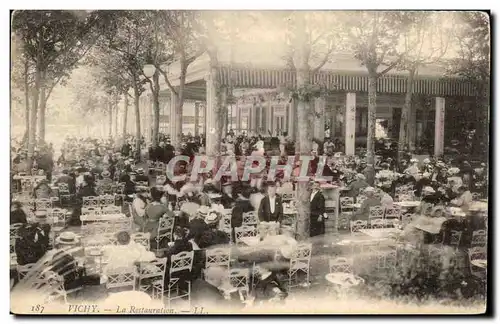 Vichy - La Restauration - Cartes postales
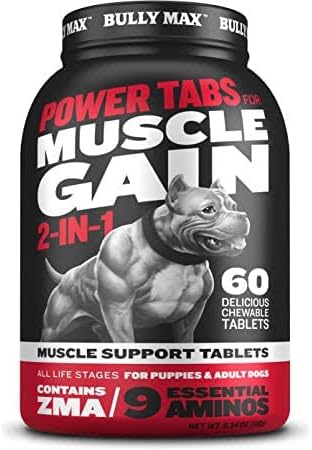 Bully Max The Ultimate Canine Supplement, 60 Tablets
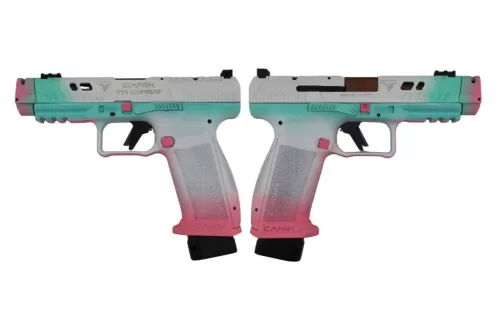 Canik TTI Combat Smoke Tropical 9mm Pistol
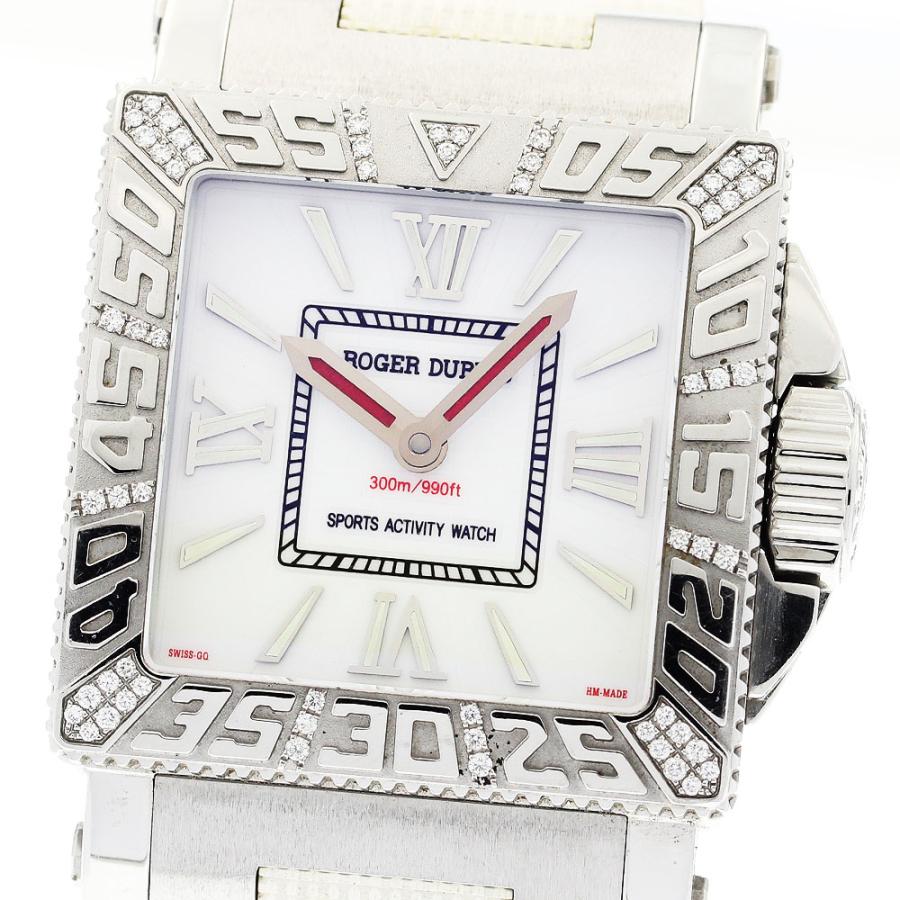 ロジェデュブイ　GA35.21.9.1.53アクアマーレ　自動巻き　メンズ腕時計 ROGER DUBUIS（ロジェ・デュブイ） ROGER DUBUIS GA35 アクアマーレ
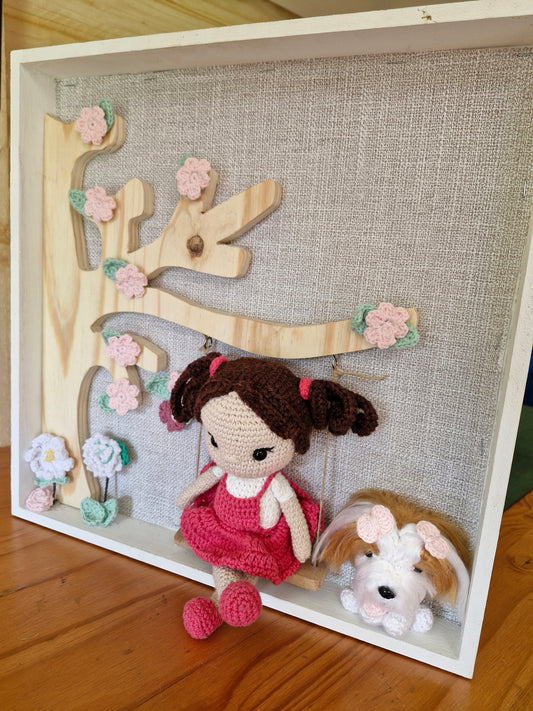 Lil' LOV - Storybook Swing - Pink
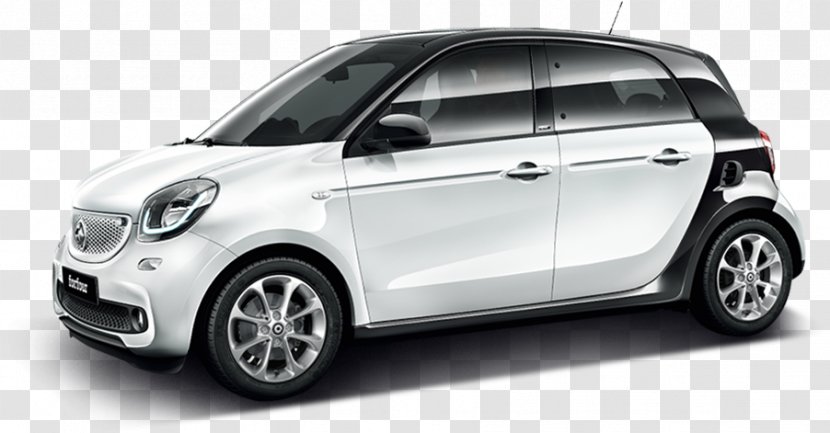 Hyundai Smart Forfour Car Electric Vehicle Transparent PNG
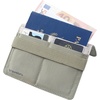 image:imageTravelon RFID Blocking Flap Passport HolderGray Wash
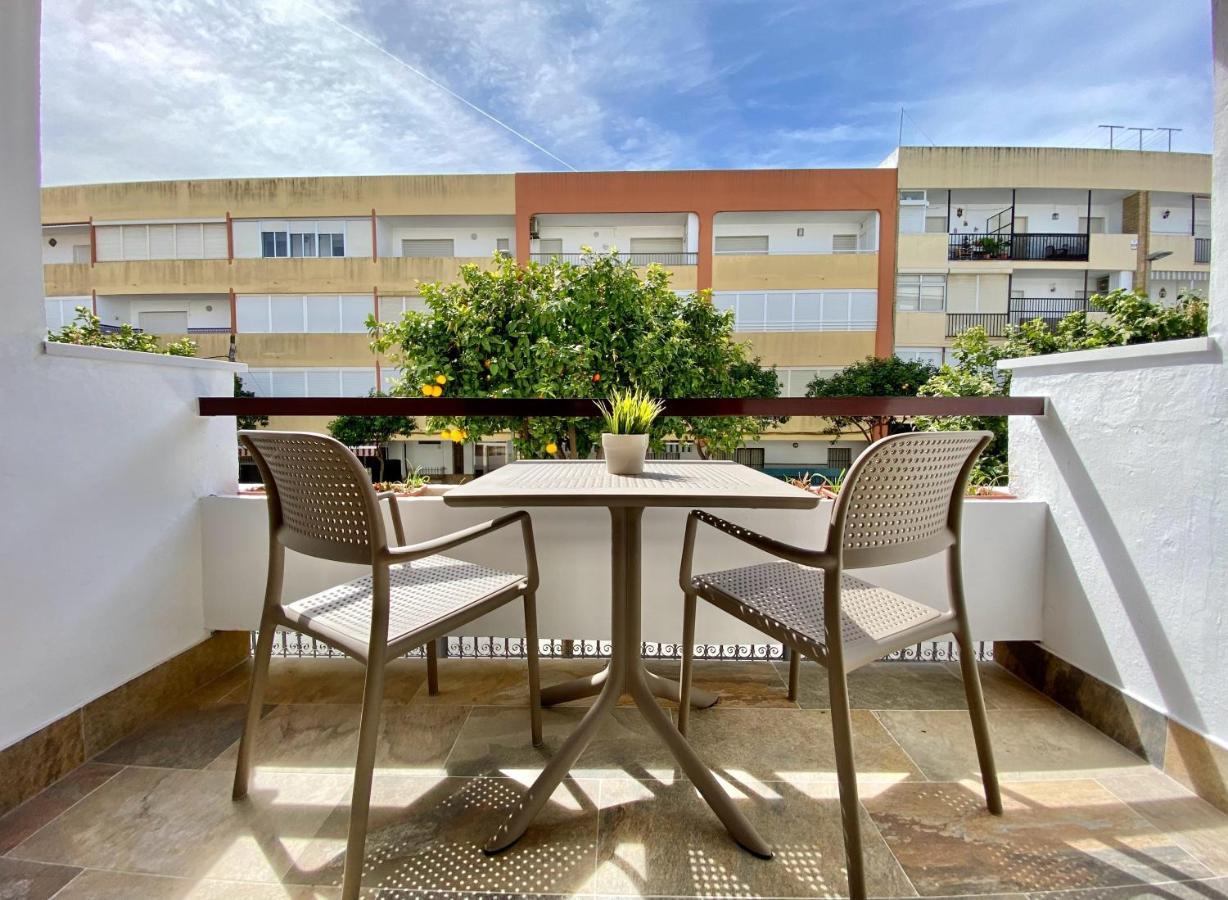 Apartamentos Turisticos Santo Rostro Chipiona Eksteriør bilde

* _HOW TO COMPLETE THIS TASK_
Only the lines from the one with "Lil' LOV - Storybook Swing - Pink" through the end of the listing above should be output, exactly as written and with no pictures.

* _TASK OUTPUT_
 Lil' LOV - Storybook Swing - Pink
 Hyundai Smart Forfour Car Electric Vehicle Transparent PNG
 image:imageTravelon RFID Blocking Flap Passport HolderGray Wash
 Apartamentos Turisticos Santo Rostro Chipiona Eksteriør bilde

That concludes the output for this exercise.